### [The records]
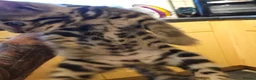 Bengal cats for sale: Tica registered brown bengal - Advert 11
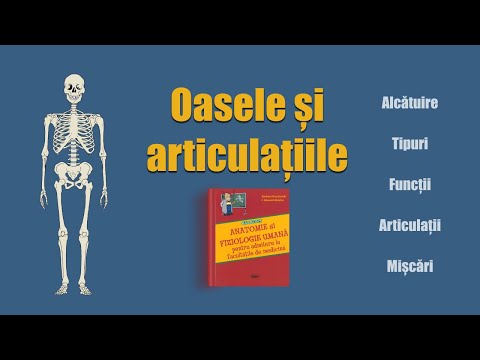 Video: Vertebrele sunt oase lungi?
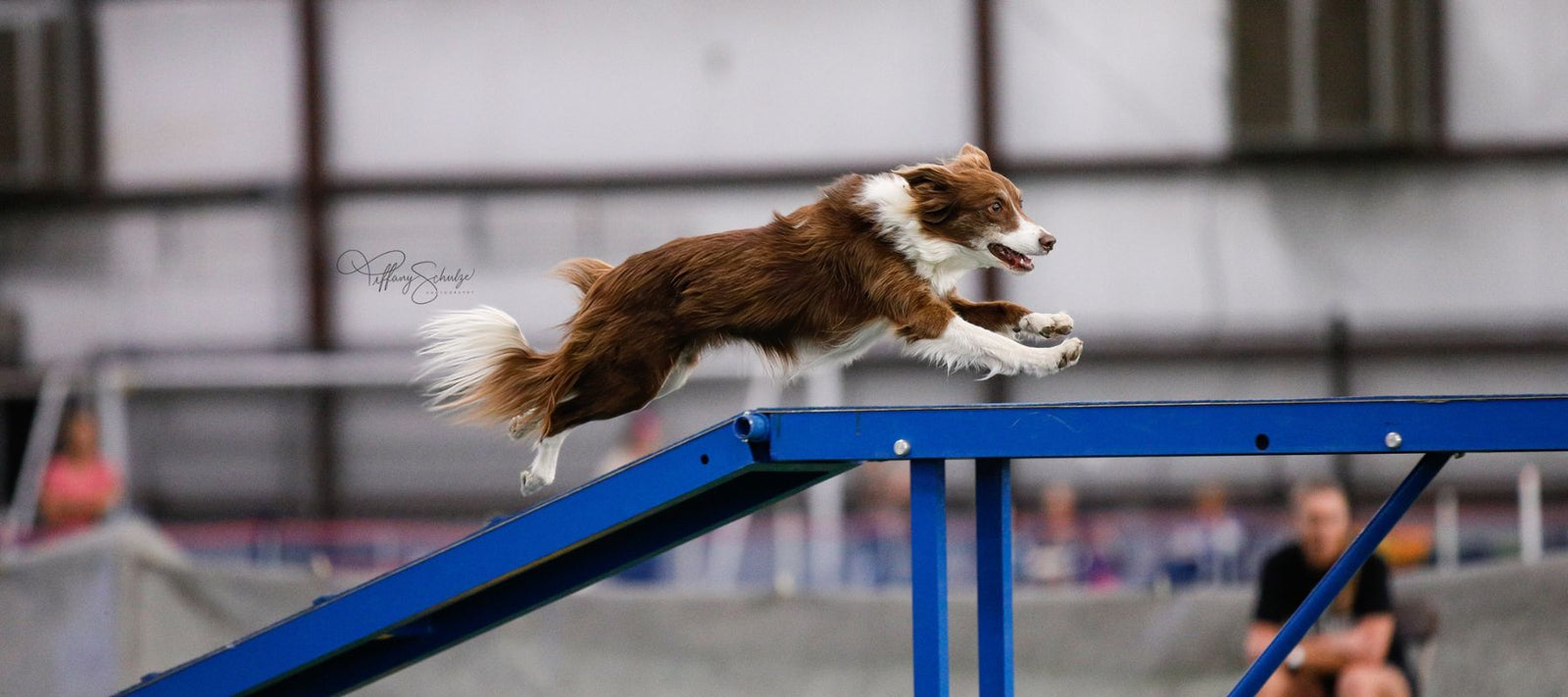 border collie on ramp in us open uki dog agility competition 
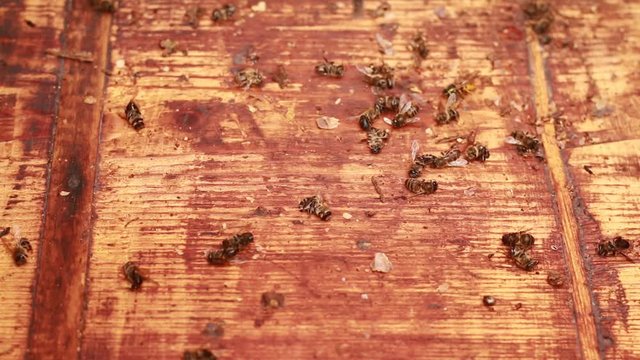 many dead bees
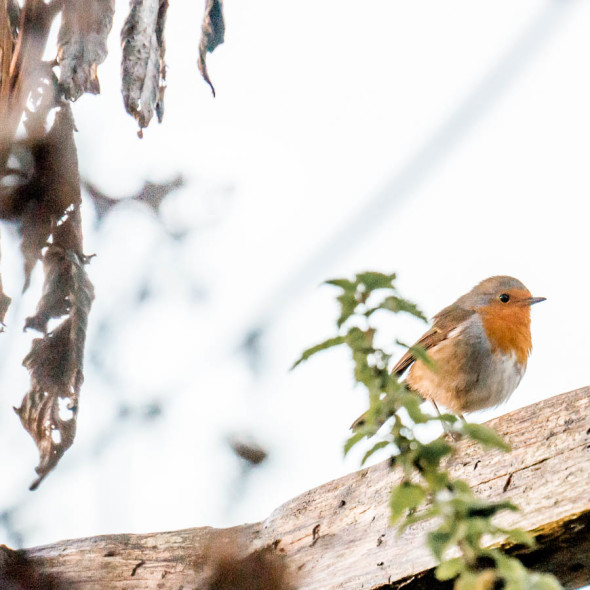 Winter Bird Feeding robin on fence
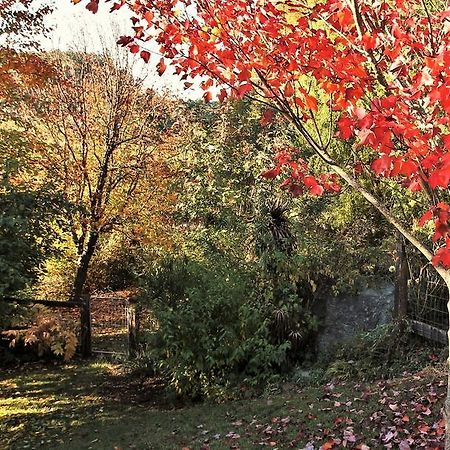 Mole Creek Guesthouse Extérieur photo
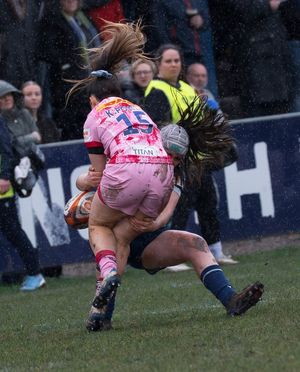 Image post by @charliessheridan on Instagram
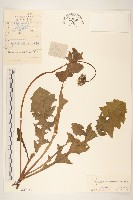 芥葉蒲公英藏品圖，第1張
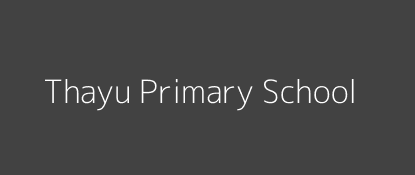 Thayu Primary School Huruma Nairobi Province Image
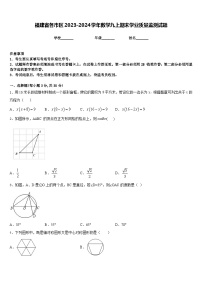 福建省各市区2023-2024学年数学九上期末学业质量监测试题含答案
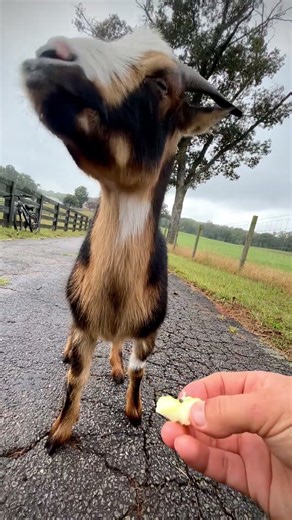 Who needs ASMR when you have a goat eating a green apple? 😄🍏 #goat #babygoats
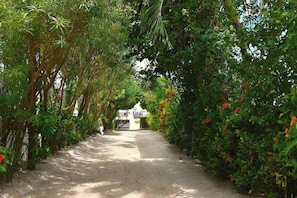 Stroll through lush gardens, approaching a serene, unadorned building surrounded by diverse plant life.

### [Task to carry out]
Give the data above again, exactly and completely. No pictures go in.

### [Task response]
 Bengal cats for sale: Tica registered brown bengal - Advert 11
 Video: Vertebrele sunt oase lungi?
 border collie on ramp in us open uki dog agility competition 
 many dead bees
 Winter Bird Feeding robin on fence
 Mole Creek Guesthouse Extérieur photo
 Image post by @charliessheridan on Instagram
 芥葉蒲公英藏品圖，第1張
 Thayu Primary School Huruma Nairobi Province Image
 福建省各市区2023-2024学年数学九上期末学业质量监测试题含答案
 Who needs ASMR when you have a goat eating a green apple? 😄🍏 #goat #babygoats
 Stroll through lush gardens, approaching a serene, unadorned building surrounded by diverse plant life.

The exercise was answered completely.